Positive people sleep better and report experiencing less pain than negative people. And since positive people are healthier, they can live up to 10 years longer than negative people.

I am not talking about the Pollyanna positivity where everything is up and happy all the time.

I am talking about how we react to the situations we find ourselves in. How we handle stress and how we handle difficult people.
"Real optimism is aware of problems but recognizes the solutions, knows about the difficulties but believes they can be overcome, sees the negatives but accentuates the positives, is exposed to the worst but expects the best, has reason to complain but chooses to smile."

~ William Arthur Ward

According to Barbara Fredrickson's Broaden-and-Build Theory, positive emotions serve to broaden our mind's focus and to help us build valuable resources over time.

Another psychological resource that positivity brings is resilience. Resilience refers to one's ability to bounce back from difficult situations and to adapt to the changing demands of stressful events.

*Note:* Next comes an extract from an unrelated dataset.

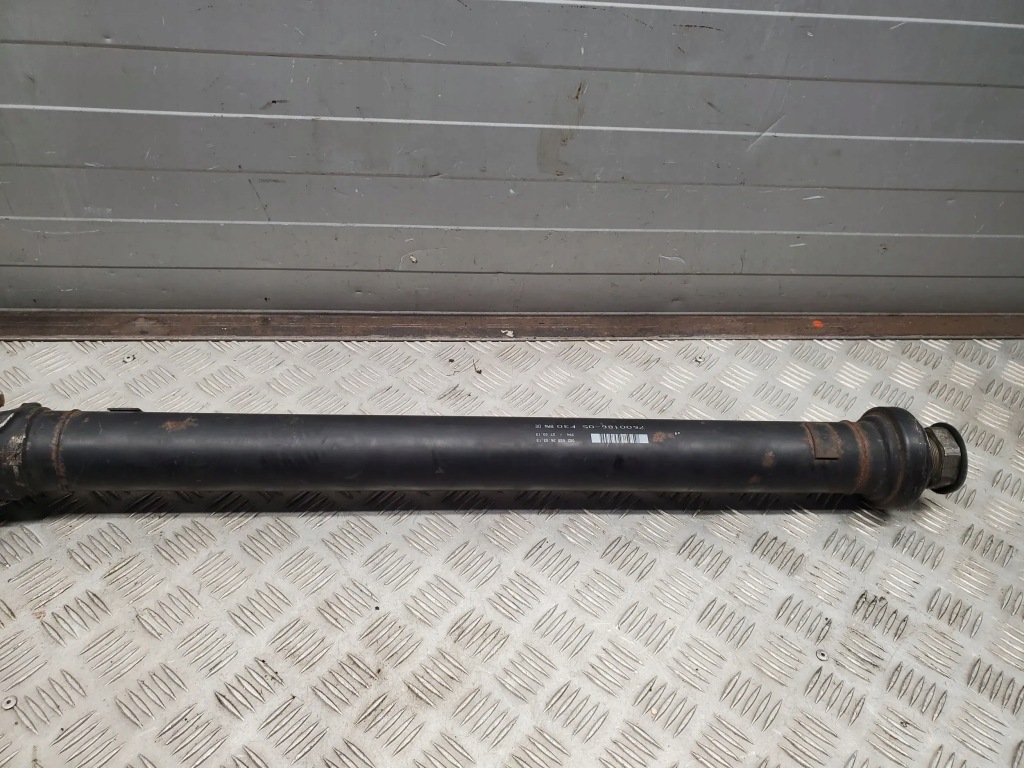 фото №6, Bmw 3 f30 f35 f31 xdrive 335i 7600186 привідний вал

Dr. Beth Cabera shares that positive people are more resilient because they have more effective coping skills. They are proactive and problem focused when facing difficulties. They are more likely to use humor when dealing with stressful events and to find positive meaning in their negative circumstances. People who experience more frequent positive emotions face hardships with hope rather than despair, reacting to what is happening at the moment rather than spending energy worrying about the future. Positive emotions can put the brakes on the potential downward spiral created by negative thinking.

So, with all the health benefits and psychological benefits I really believe positivity trumps negativity.
"You can't think your way into acting positively, but you can act your way into thinking positively."